Not even with my best friend.

***

“I can't believe you married Martin,” I said, taking a bite from a mocha cupcake topped with an amazing frosting and with Oreo crumbles. “Not that I dislike him, it's just so –”

“Strange?” Jenn laughed. “Yeah, I know. Believe me, I know. It's not like we got along back in high school either. But, people change, Hailey. We grow up, realize that the cliques in high school are bullshit and learn to just hang out with people we like, people that makes us feel good and happy.”

I shrugged. “I guess so,” I muttered, taking another bite from the heavenly cupcake, my eyes rolling back in my head, and making a sound probably best suited to an adult film. “I missed out on a lot, apparently. So what else has changed around here?”

“Not much, really. You know Black Oak – people are born, get old, and die,” Jenn shrugged, her laugh a little wry. She picked at a pink lemonade cupcake while nursing Marty. “Most everything you knew stayed the same. It's not all that exciting here. I mean, compared to your glamorous life in Cali and all.”

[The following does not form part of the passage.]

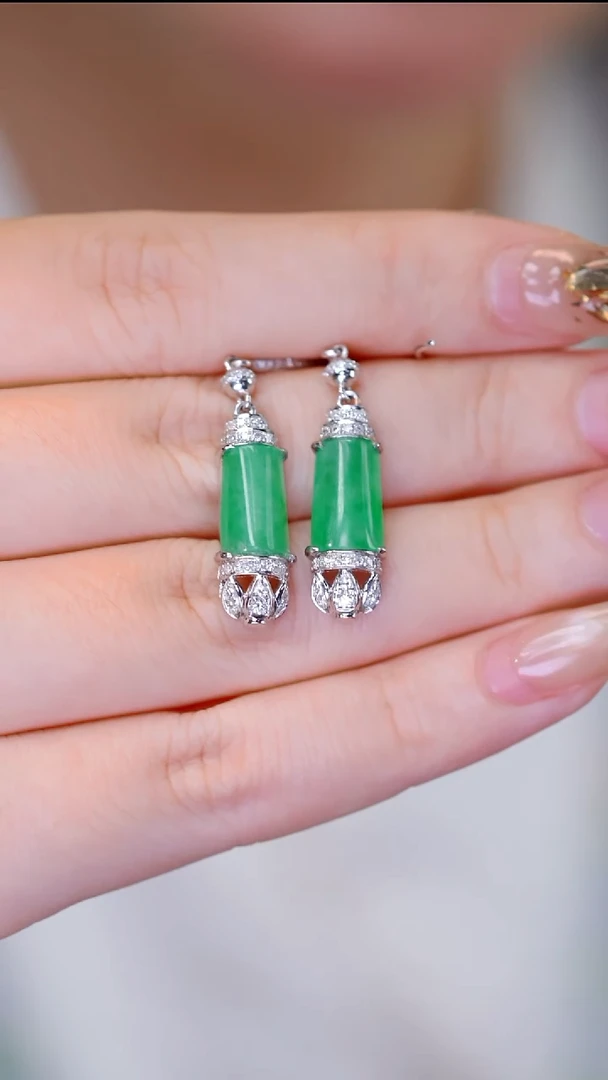 18K金镶嵌翡翠耳饰11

I scoffed. “Please, it wasn't so glamorous,” I said. “Far from it, actually.”

Jenn cocked an eyebrow as she licked the neon pink frosting from her lips. She looked at me evenly for a long moment and even after all these years, it was strange to me to know that she could still see right through me. She could see that there was something I was holding back from her – I could see it in her eyes.

“You still don't want to talk about why you came back?” she finally asked.

“Nope. Sure don't,” I said, leaning back in my chair.